**Goal of the exercise**
Without including any picture, write out the entries exactly as they stand.

**Material for this task**
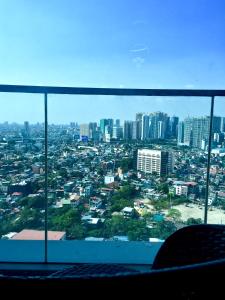 New & Modern Cozy 1BR w Balcony@BGC, WiFi 300MBPS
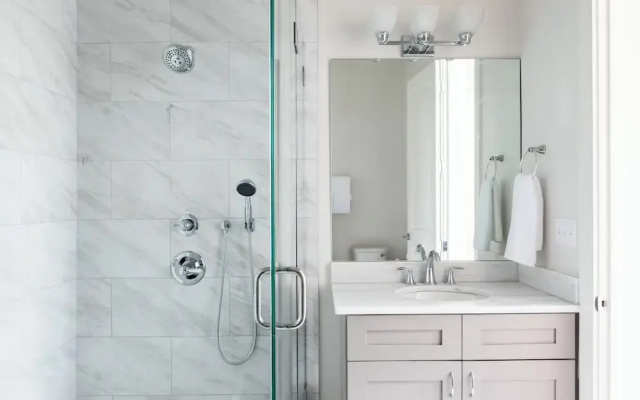 Magazine Street Deluxe Suites by Sonder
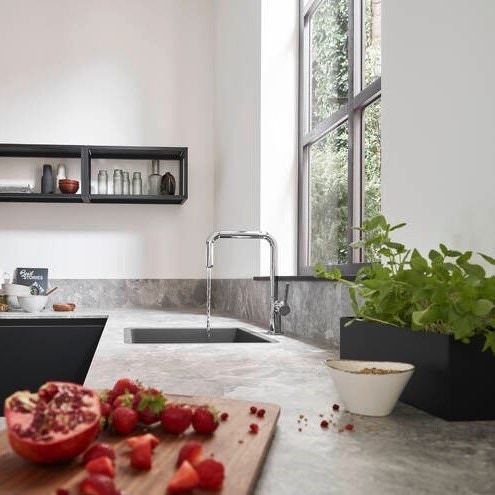 Immagine di Hansgrohe M54 miscelatore cucina monocomando U220, 1 jet, finitura cromo 72806000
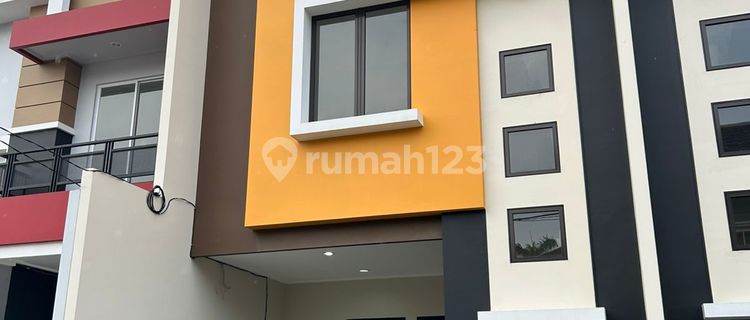 Rumah Brand New Di Citra 1 Jakarta Barat 1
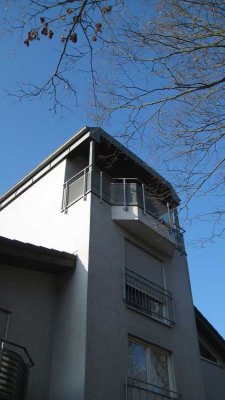 Sonnige 1-Zimmer Wohnung mit Balkon direkt am Fluss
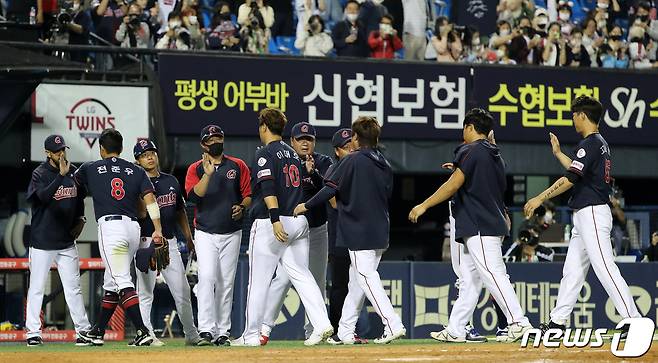 22일 오후 서울 송파구 잠실야구장에서 열린 프로야구 '2022 신한은행 SOL KBO리그' 롯데 자이언츠와 LG 트윈스의 경기, 7대1 승리를 거둔 롯데 선수들이 코칭스테프와 하이파이브를 하고 있다. 2022.9.22/뉴스1 ⓒ News1 김진환 기자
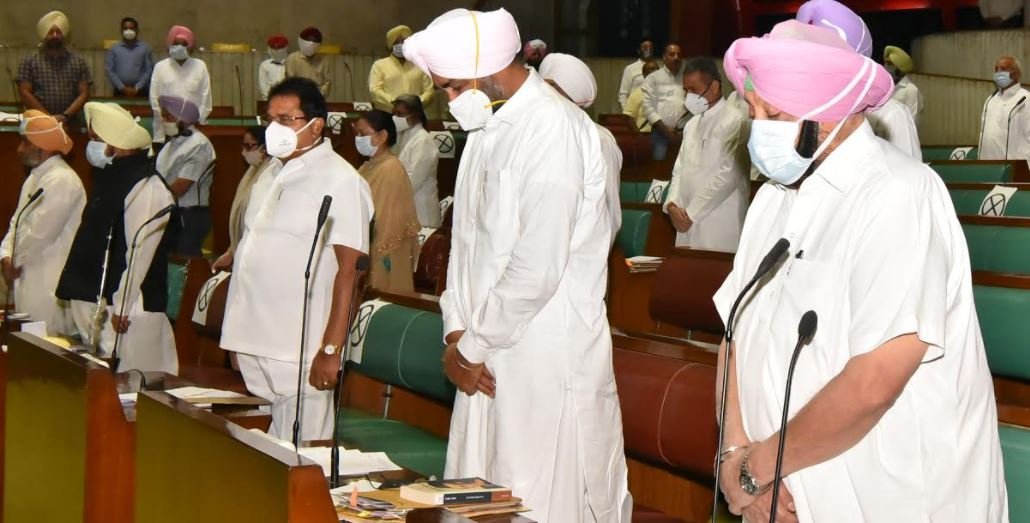 ਮੁੱਖ ਮੰਤਰੀ ਦੀ ਅਗਵਾਈ ’ਚ ਪੰਜਾਬ ਵਿਧਾਨ ਸਭਾ ਵੱਲੋਂ ਖੇਤੀ ਕਾਨੂੰਨਾਂ ਖਿਲਾਫ ਰੋਸ਼ ਮੁਜ਼ਾਹਰਿਆਂ ਦੌਰਾਨ ਜਾਨ ਗਵਾਉਣ ਵਾਲੇ ਕਿਸਾਨਾਂ ਨੂੰ ਸ਼ਰਧਾਂਜਲੀ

**Expected answer**
 New & Modern Cozy 1BR w Balcony@BGC, WiFi 300MBPS
 Magazine Street Deluxe Suites by Sonder
 Immagine di Hansgrohe M54 miscelatore cucina monocomando U220, 1 jet, finitura cromo 72806000
 Rumah Brand New Di Citra 1 Jakarta Barat 1
 Sonnige 1-Zimmer Wohnung mit Balkon direkt am Fluss
 22일 오후 서울 송파구 잠실야구장에서 열린 프로야구 '2022 신한은행 SOL KBO리그' 롯데 자이언츠와 LG 트윈스의 경기, 7대1 승리를 거둔 롯데 선수들이 코칭스테프와 하이파이브를 하고 있다. 2022.9.22/뉴스1 ⓒ News1 김진환 기자
 ਮੁੱਖ ਮੰਤਰੀ ਦੀ ਅਗਵਾਈ ’ਚ ਪੰਜਾਬ ਵਿਧਾਨ ਸਭਾ ਵੱਲੋਂ ਖੇਤੀ ਕਾਨੂੰਨਾਂ ਖਿਲਾਫ ਰੋਸ਼ ਮੁਜ਼ਾਹਰਿਆਂ ਦੌਰਾਨ ਜਾਨ ਗਵਾਉਣ ਵਾਲੇ ਕਿਸਾਨਾਂ ਨੂੰ ਸ਼ਰਧਾਂਜਲੀ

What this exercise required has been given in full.